It is Bitter Tea That Involves You So: A Sermon on Hope

In a minute there is time for decisions and revisions which a minute will reverse.

From Page 37 of the Pricipia Discordia, 5th edition:

When Hypoc was through meditating with St. Gulik, he went there into the kitchen where he busied himself with preparing the feast and in his endeavor, he found that there was some old tea in a pan left standing from the night before, when he had in his weakness forgot about its making and had let it sit steeping for 24 hours. It was dark and murky and it was Hypoc’s intention to use this old tea by diluting it with water. And again in his weakness, chose without further consideration and plunged into the physical labor of the preparations. It was then when deeply immersed in the pleasure of that trip, he had a sudden loud clear voice in his head saying “it is bitter tea that involves you so.” Hypoc heard the voice, but the struggle inside intensified, and the pattern, previously established with the physical laboring and the muscle messages coordinated and unified or perhaps coded, continued to exert their influence and Hypoc succummed to the pressure and he denied the voice.

And again he plunged into the physical orgy and completed the task, and Lo as the voice had predicted, the tea was bitter.

When we react to the next thing, we risk being trapped in the passivity of our moment. Life is one thing after another, but lived that way it is short, dark, and bitter. To live in a longer time and a greater frame of reference requires the practice of hope.

People often mistake hope for a feeling, but it’s not. It’s a mental discipline, an attentional practice that you can learn. Like any such discipline, it’s work that takes time, which you fail at, succeed, improve, fail at again, and build over years inside yourself.

The thing people think of as the feeling of hope follows the practice. Just as a body feels weak and stressed when it gets no exercise, a soul feels empty, dark, and small when there is no practice of hope.

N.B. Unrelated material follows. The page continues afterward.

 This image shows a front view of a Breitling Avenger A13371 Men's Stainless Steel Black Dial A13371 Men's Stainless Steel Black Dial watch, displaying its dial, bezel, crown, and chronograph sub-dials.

Just as exercise can be hard in the beginning, and painful when you are pushing the body to build more strength, the practice of hope pushes you emotionally and spiritually, sometimes to exhaustion, but always knowing you’ll wake up tomorrow healing, and with a stronger soul.

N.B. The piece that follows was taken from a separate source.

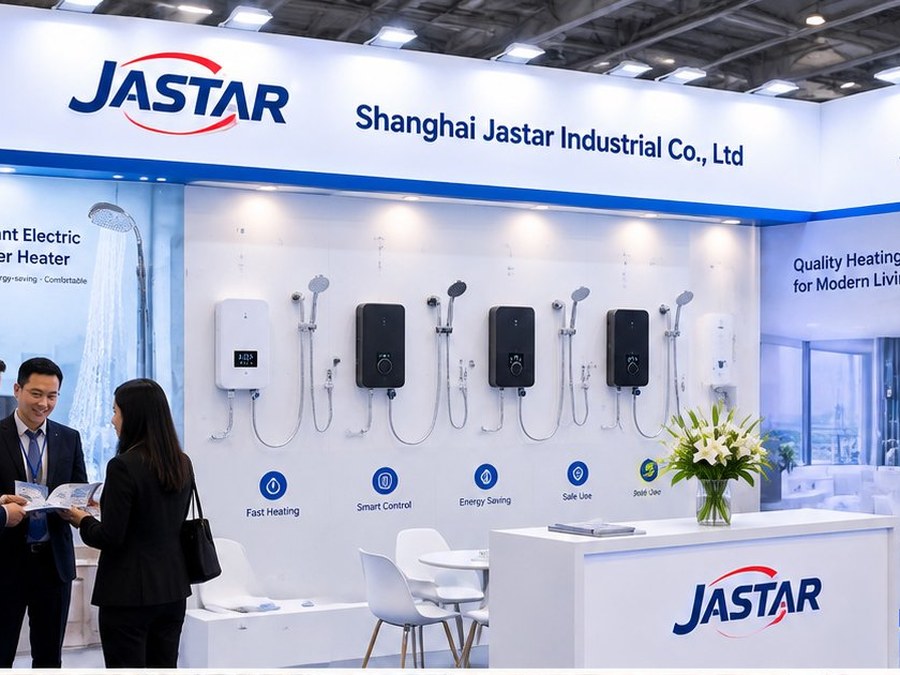 JASTAR exhibition booth with instant electric water heaters and showers on display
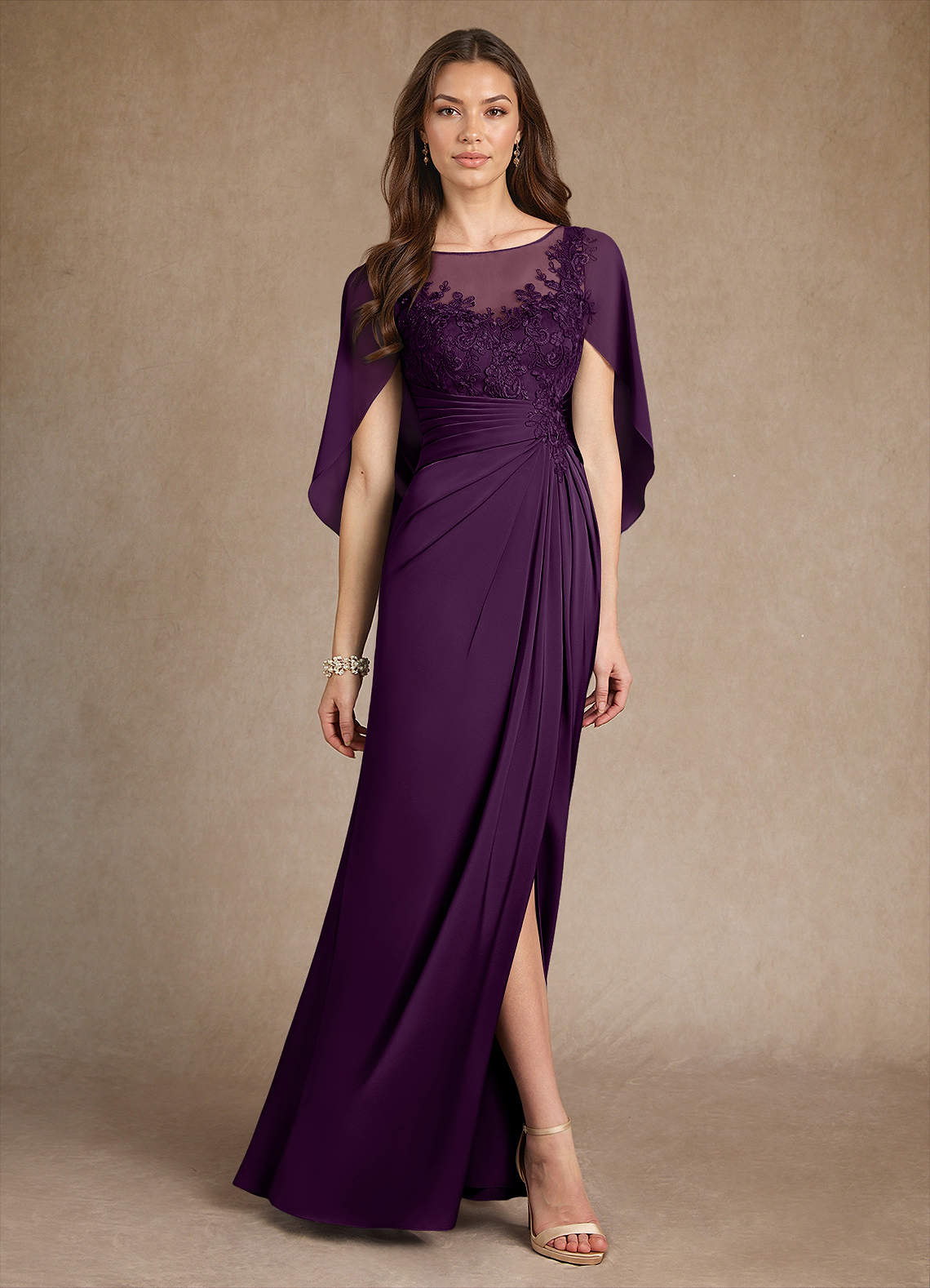 Azazie Hera Mother of the Bride Dresses Grape A-Line Lace Stretch Satin Dress image3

Hope isn’t just looking at the positive things in this world, or expecting the best. That’s a fragile kind of cheerfulness, something that breaks under the weight of a normal human life. To practice hope is to face hard truths, harder truths than you can face without the practice of hope. You can’t navigate dark places without a light, and hope is that light for humanity’s dark places. Hope lets you study environmental destruction, war, genocide, exploitative relations between peoples. It lets you look into the darkest parts of human history, and even the callous entropy of a universe hell bent on heat death no matter what we do. When you are disciplined in hope, you can face these things because you have learned to put them in context, you have learned to swallow joy and grief together, and wait for peace.

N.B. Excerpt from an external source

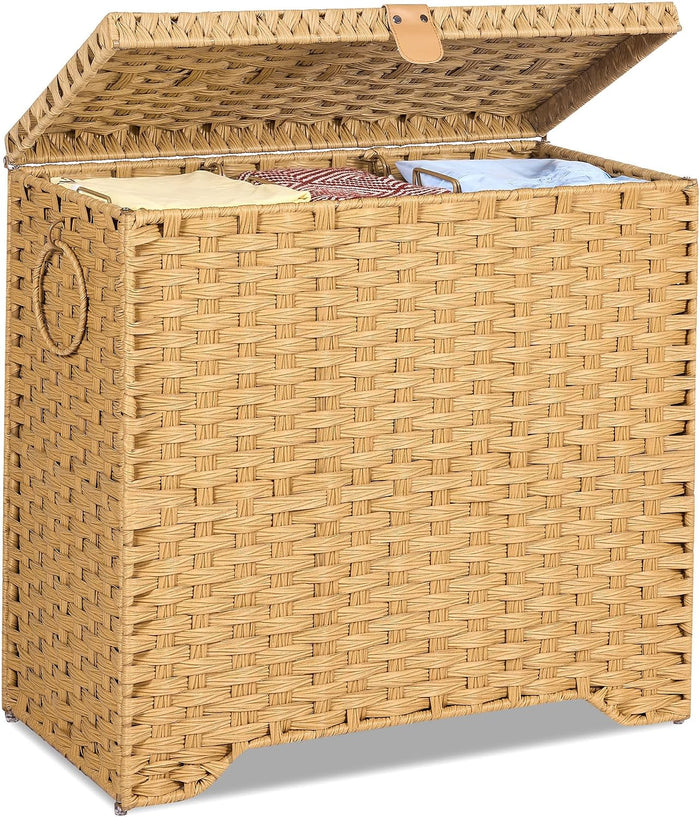 130L Wicker Laundry Hamper with Lid, 3-Section Laundry Basket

The first thing to understand about Hope is that it is always a function of time. For hope’s faithful disciple, contemplation of time is a deliberate process. Whether we choose to think of the next few minutes or few millennia, or the past week or the dawn of multicellular life, the practitioner of hope chooses a time frame that compliments their philosophical and instrumental goals. If you want to think about the environment, you don’t just think about what the news says is happening now, you consider the history of the planet, how human forms change over centuries, and what it would mean to deliberately terraform the anthropocene towards the increase of life and peace. You would also think of the last 12 or 50 thousand years, to put yourself in the right context. If you want to consider exploitative relationships, you look both at the relationships in your own life, and how humanity has related to itself since we encountered the other hominids on our walks out of Africa.

Look back to the beginning, back to our mitochondrial mother in Africa, we can see that we are the murdering African hominid. Everywhere we’ve lived, the megafauna, the forests, our hominid cousins, each other, we have killed it all with wild abandon. Everywhere we’ve walked we have left a gray-brown swath of ash in our wake. Accepting that this is part of our nature as humans is key to hope, because your practice of hope cannot be so fragile that understanding the truth can wreck it. Hope requires that you study these terrible truths, and also the truths that the murdering hominid is the first species that learned to love the world. We were the first to speak, and the first to be struck dumb by the beauty of the sunset. We were the first to learn to fear time, and the first to love what we feared. We built special machines to look out into the universe, to find uncountable galaxies, and fall in love with them. The murdering hominid is also the creature that found the atom, came to understand the mechanics of life, that prayed to the planets and stars. We became the conscious tip of the universe, contemplating itself. You must understand that we, the murdering African hominid, we are holy. The very idea of beauty and holiness came from this murdering hominid, and all those qualities repeat themselves fractally in each of its tiny atomic members. The murder and hatred and pain coexists with the wonder and love and genius in all of our tiny and soft hominid bodies. And here, trapped in the progress of history, the only difference between the light and dark is the next choice you make, and the next, and the next, and the next choices we make together as a species.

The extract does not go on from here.